会社設立前に知っておきたい!助成金・補助金とは?

会社を設立したり、企業が新規の事業を立ち上げたりする際には、多額の費用がかかることも珍しくありません。
自己資金だけでは心許ないと感じる方も少なくないでしょう。自己資金以外の資金調達方法には、融資、助成金、補助金があります。
助成金や補助金は、国や地方公共団体等から受けることができる、原則として返済不要の資金です。助成金や補助金を受けることができると、会社設立当初の売り上げが多くないときにはとても助かります。
この記事では、助成金や補助金をフルに活用して経営を安定させるために知っておきたい知識をお伝えします。
会社設立における助成金と補助金の違い・種類
そもそも助成金と補助金の違いは何でしょう?明確な定義・規定はありませんが、行政から見てやって欲しいことをしてくれた企業には報奨金のようなかたちで助成金を支給し、取り組みを援助します。

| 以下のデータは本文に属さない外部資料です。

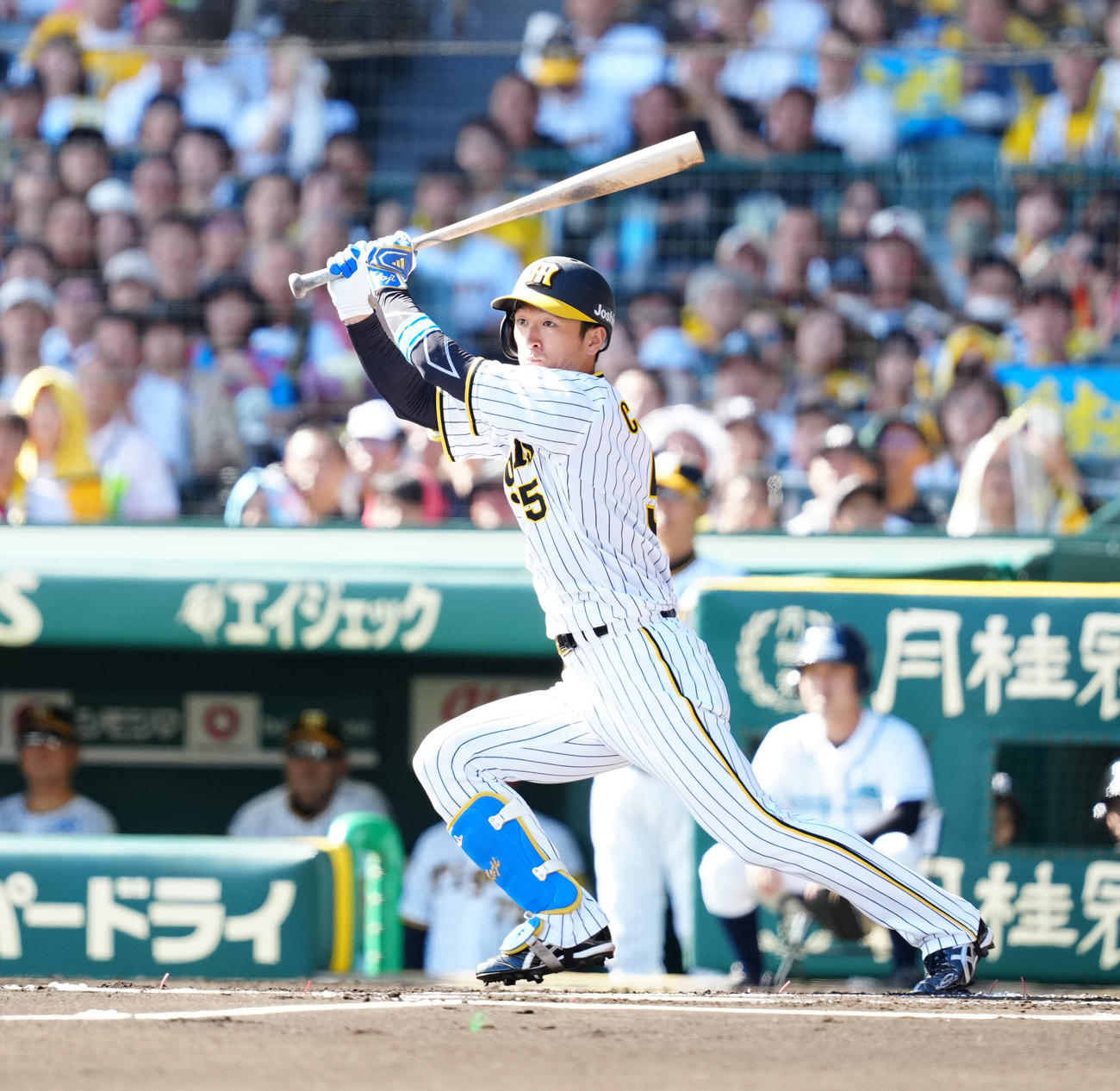 阪神対巨人　1回裏阪神無死、左前打を放つ近本（撮影・江口和貴）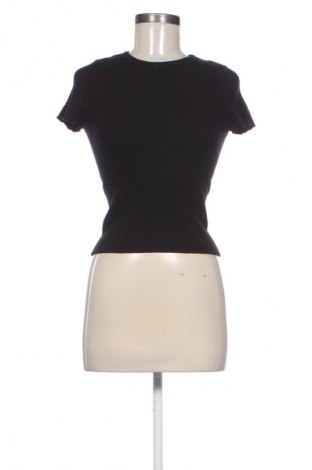 Damenpullover Bershka, Größe M, Farbe Schwarz, Preis € 14,82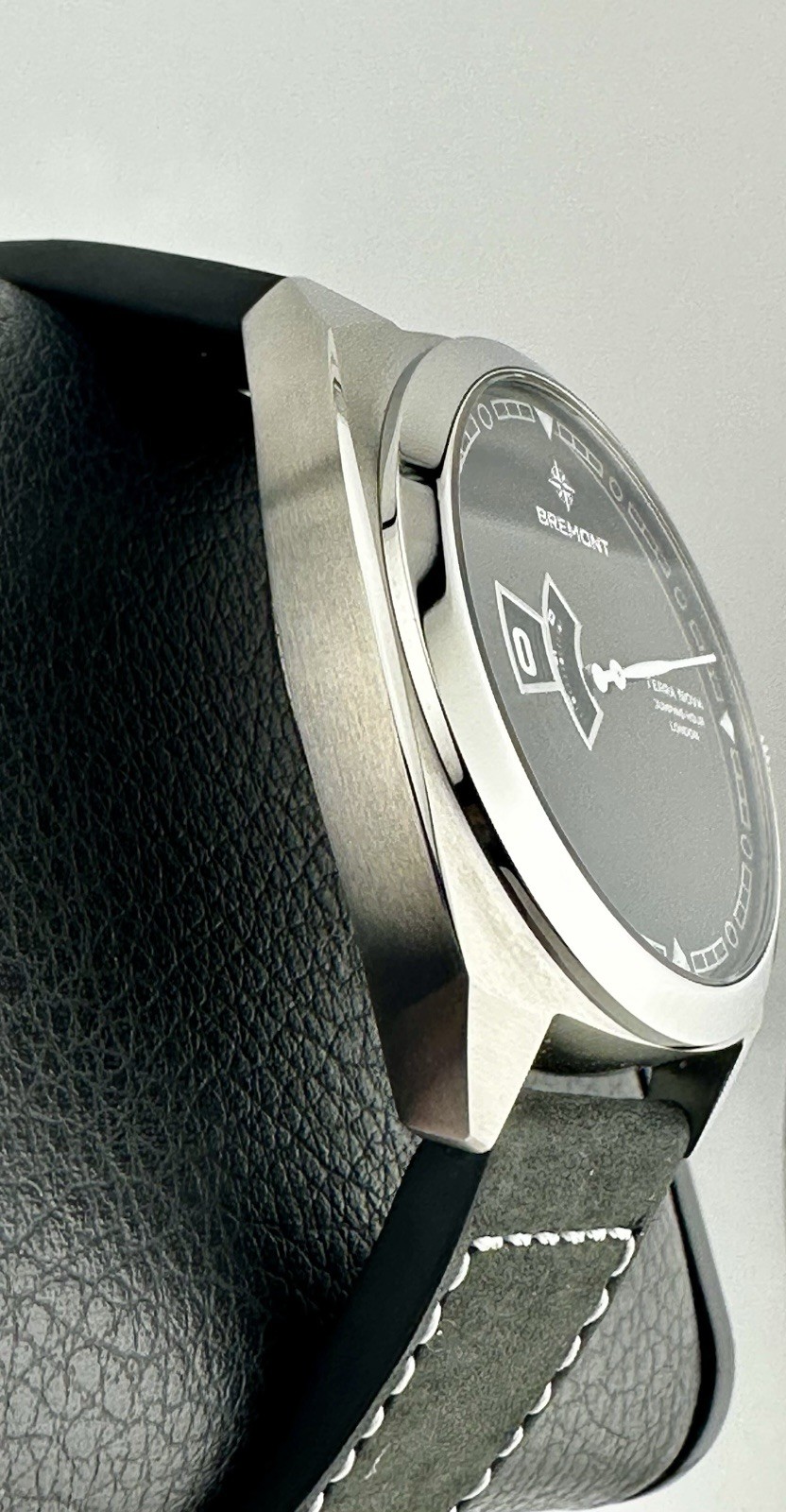 Bremont TERRA NOVA JUMPING HOUR 904L Stainless Steel 40.5mm 56 Hour Power Res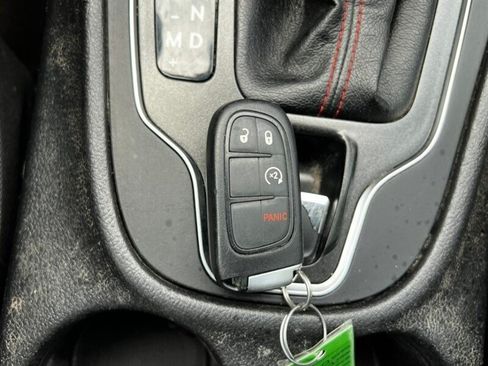 Used 2021 Jeep Cherokee Trailhawk w/ Trailer Tow Group AWD/4WD image 40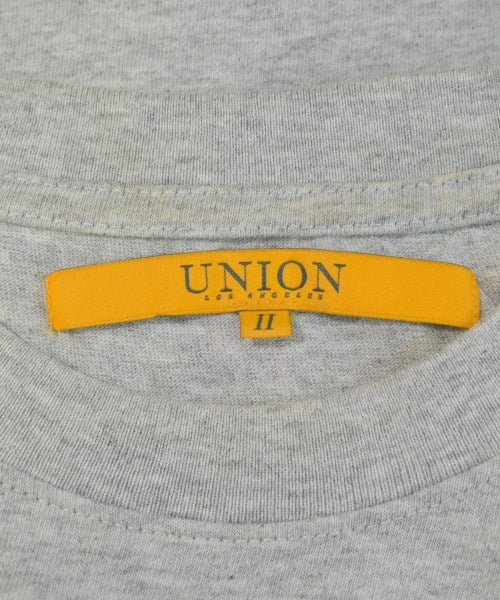 union เสื้อยืด/เสื้อท็อปส์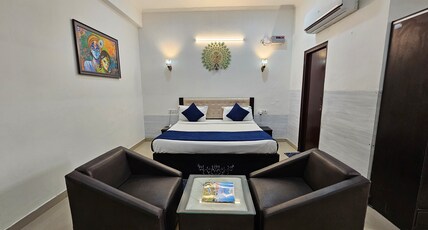 Elegence Resorts Room Type - Deluxe Room with Balcony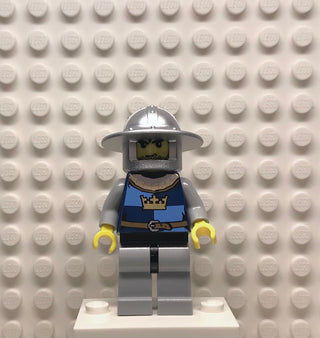 Fantasy Era, Crown Knight Quarters, Helmet with Broad Brim, Black Messy Hair and Stubble, cas418 Minifigure LEGO®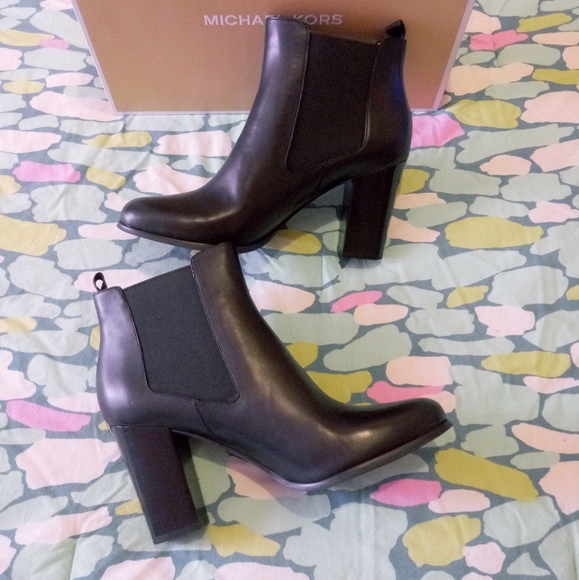 Michael Kors Lottie Chelsea Booties - Picture 4 of 10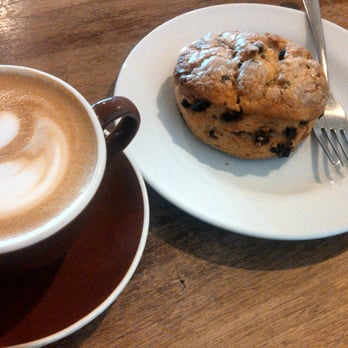 Rustica Bakery - Currant scone and vanilla latte - Bakeries Near Me - Minneapolis, Minnesota Rustica Bakery - Currant scone and vanilla latte - Bakeries Near Me - Minneapolis, Minnesota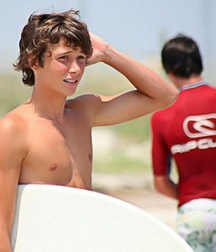 Cute boys 8 58b60f81085df.jpg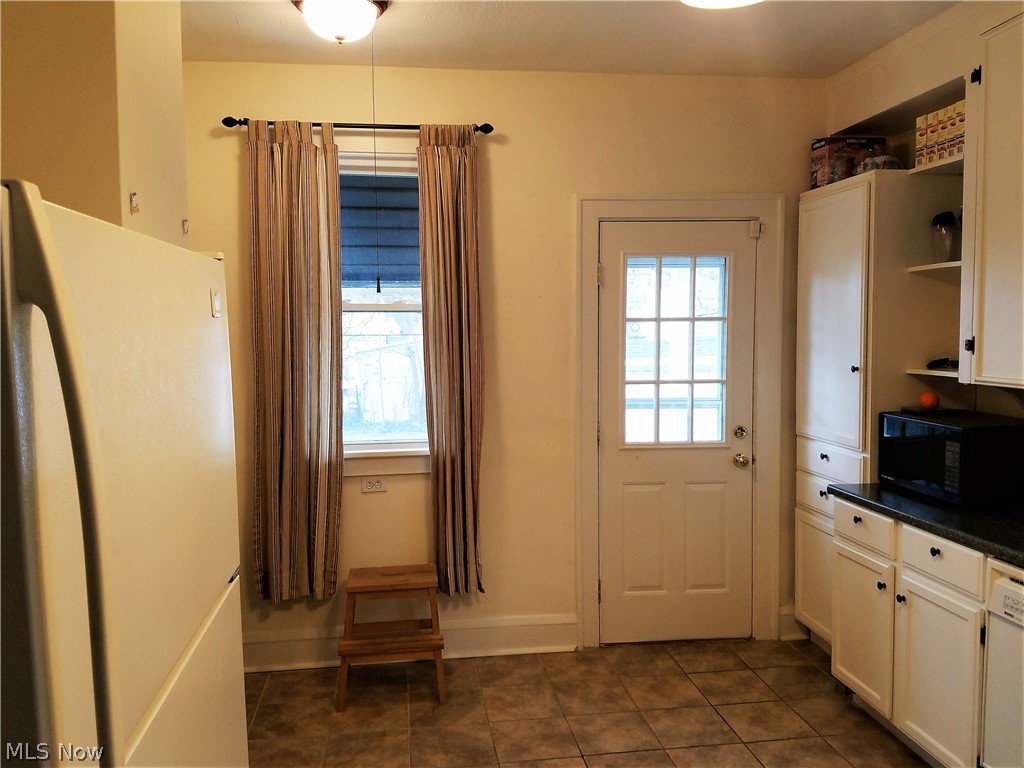 952 Rushleigh Road Cleveland Heights, OH 44121 - Photo 13 of 23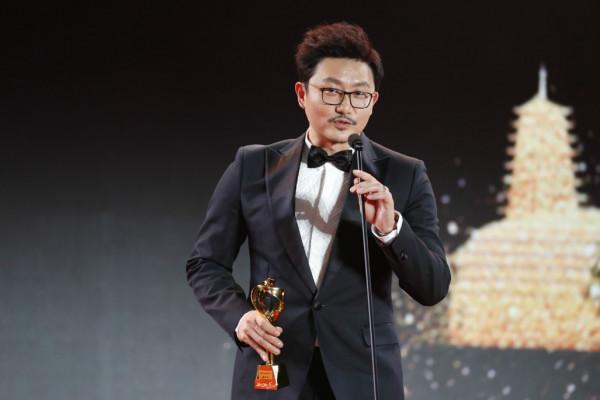 “人間清醒”塗巖松:娶平凡女友,戲紅人不紅,低調到無人問津 “人間清醒”塗巖松:娶平凡女友,戲紅人不紅,低調到無人問津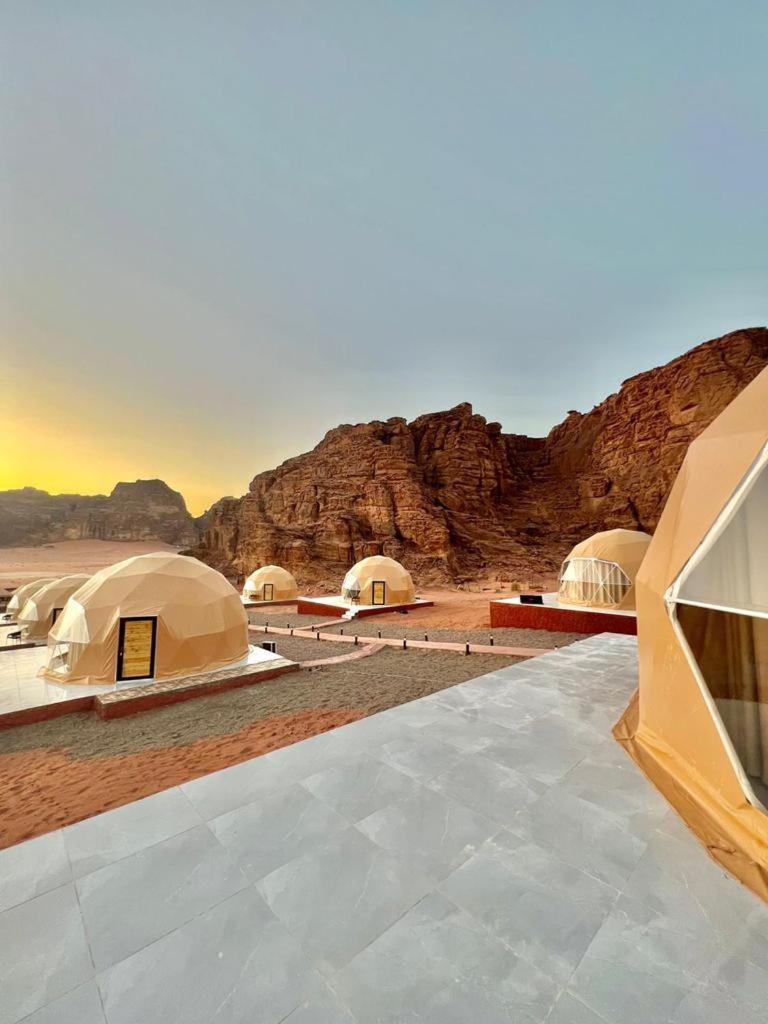 Flower Life Camp Wadi Rum Eksteriør billede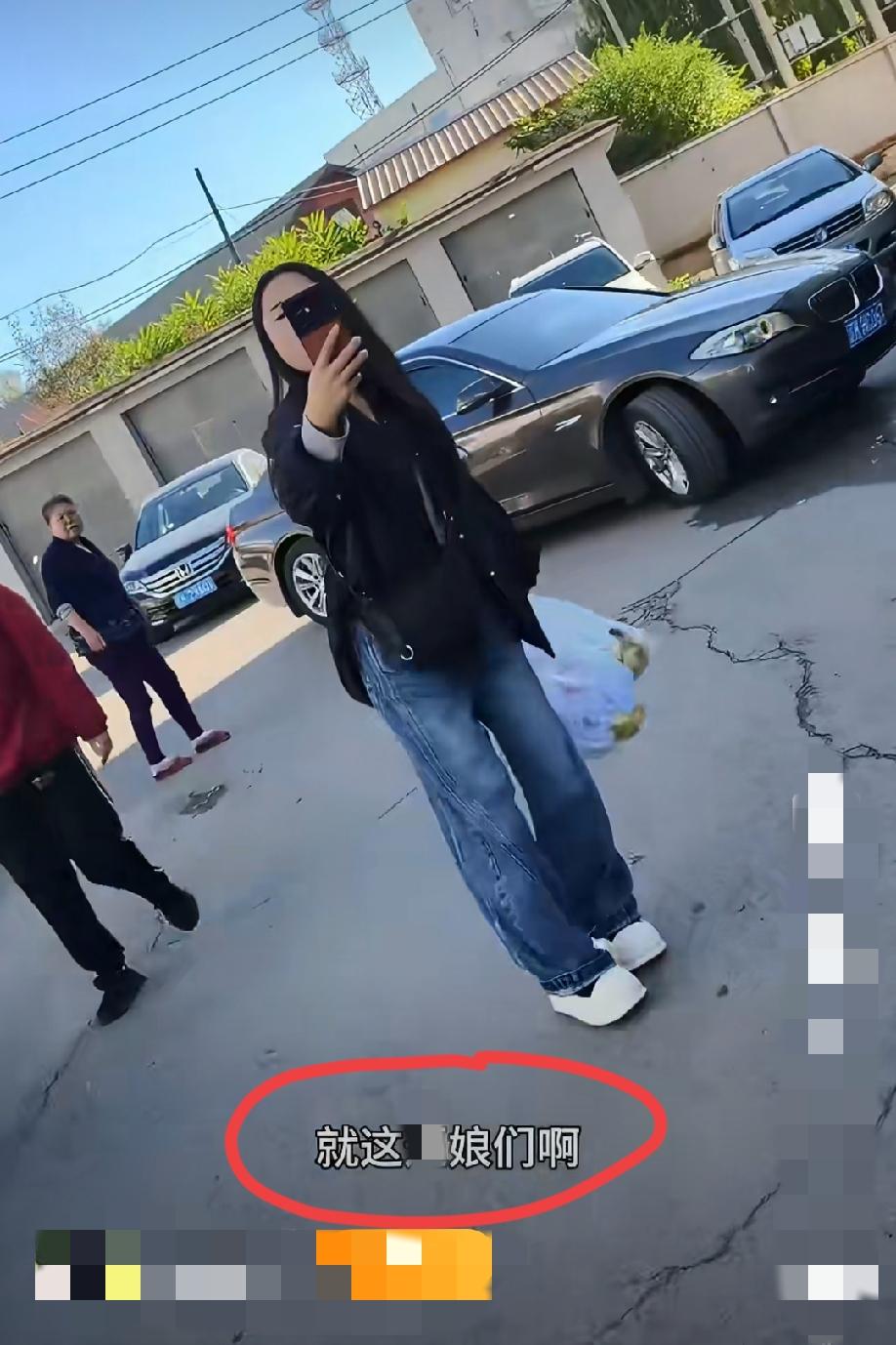 辽宁某地，女子在楼下低头玩手机等老公。迎面过来两女一男三个人，一口咬定女子在偷拍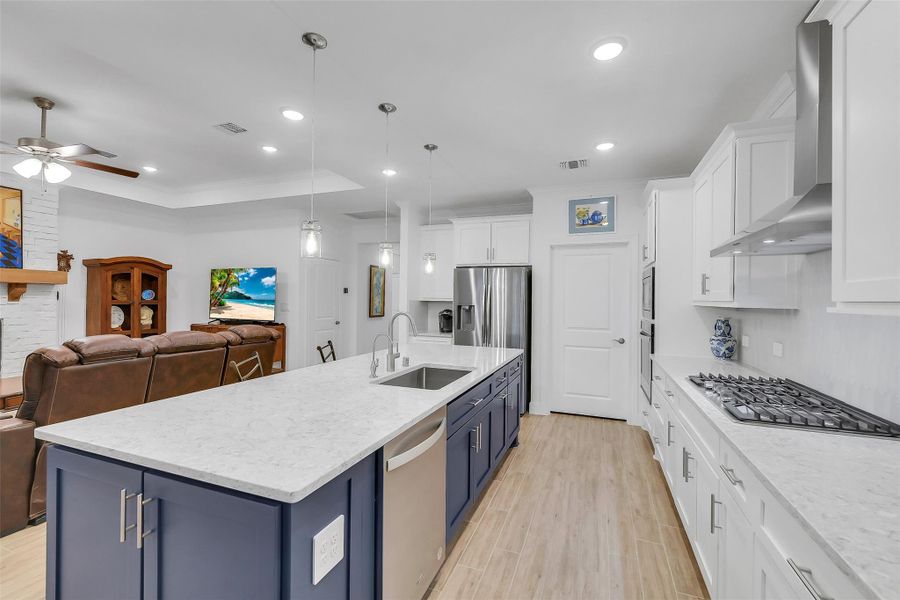 Furnished interior view inside a new home in Del Webb in Chambers Creek, Willis (Image 12). Furnished interior view inside a new home in Del Webb in Chambers Creek, Willis (Image 12).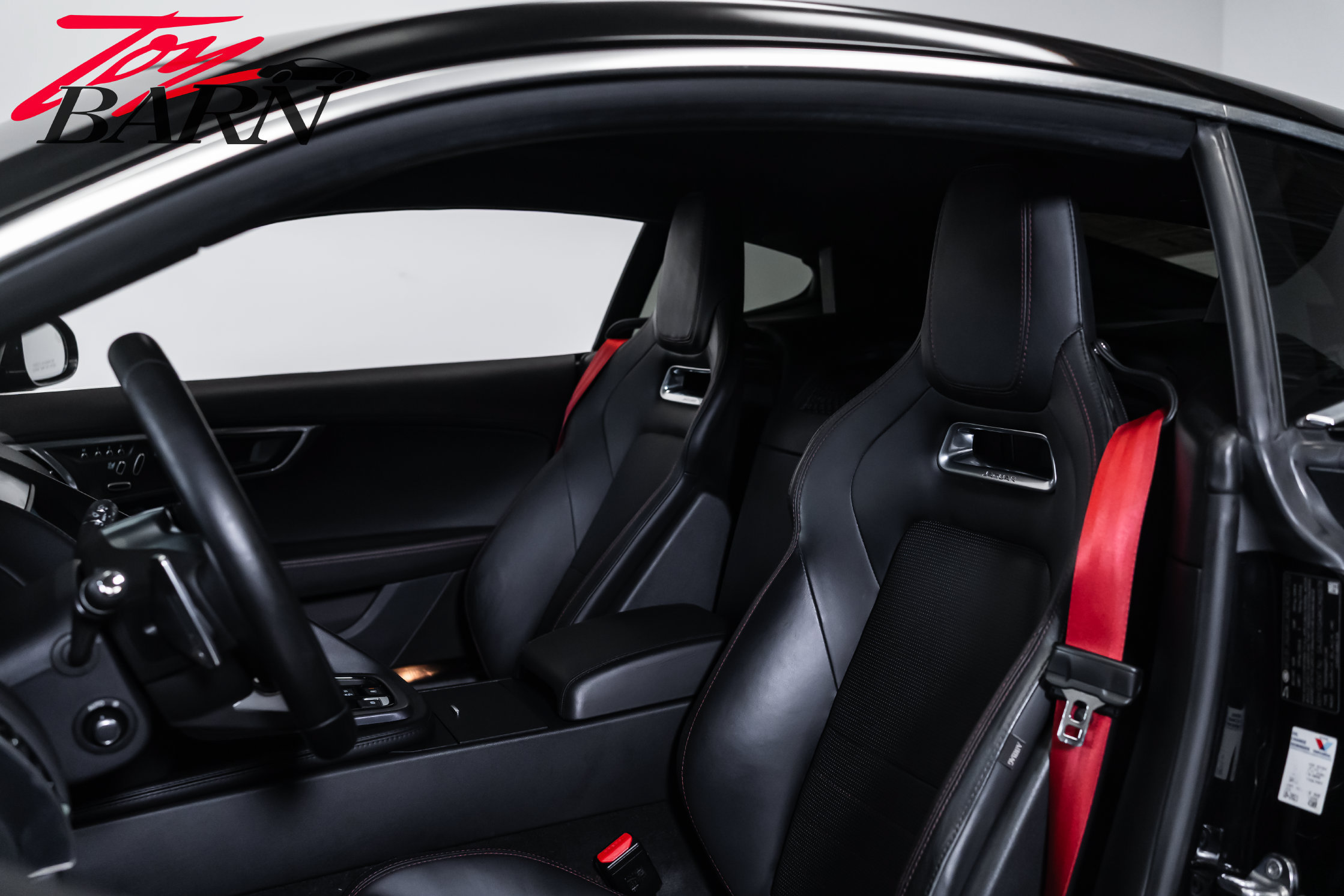 Used 2019 Jaguar F-TYPE Coupe RWD image 19
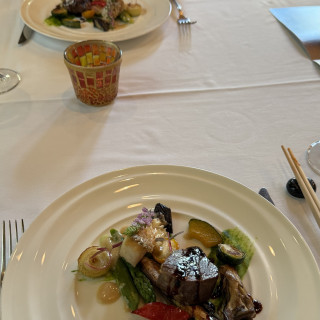 メイン料理の魚と肉相盛り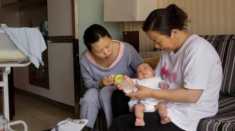 Dậy sớm nấu ăn cho chồng con, tôi phát hiện bí mật kinh hoàng của nữ giúp việc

厚生労働省の助成金と経済産業省補助金は支給の目的が異なります。
以下のように覚えておくと、どちらに申請をすれば良いか迷わないでしょう。
- 雇用・労働関係は厚生労働省の助成金
- 経済発展関係は経済産業省の補助金
なお、各地方自治体の場合には、それぞれどちらかの名称で統一しているようです。
以下、助成金と補助金の違いおよび種類を簡単にまとめてみました。
助成金 | 補助金 | その他の助成金・補助金 | ||
管轄 | 厚生労働省 | 経済産業省 | 地方自治体 | 民間団体・企業 |
目的 |
雇用促進 雇用維持 |
研究開発 地域振興 中小企業の振興等 経済や産業の発展に関するもの |
それぞれの地域の活性化 | 社会公益 |
性質 | 報奨金 | 費用補助 | 千差万別 | 革新的アイデア等 |
財源 | 雇用保険の一部 | 予算の範囲内 | ||
受給 | 要件を満たしていればほぼ貰える | 審査で認められた企業のみ貰える | 競争倍率がかなり高く、難関 | |
金額 | 比較的少額 | 高額なこともある | 比較的高額 | |
時期 | 基本的にいつでも申請可能 | 応募期間が短いことが多い |
会社設立に関する助成金・補助金にはどのようなものがあるのでしょうか?
労働者の地位や労働環境の向上等を図る企業に対しては助成金を支給し、経済の発展等に取り組む企業に対しては補助金を支給します。
代表的な助成金には以下のものがあります。助成金の目的・種類は多く、雇い入れ関係の助成金や雇用環境の整備、キャリアアップ助成金等の労働者の能力開発に関する助成金は特にたくさん有ります。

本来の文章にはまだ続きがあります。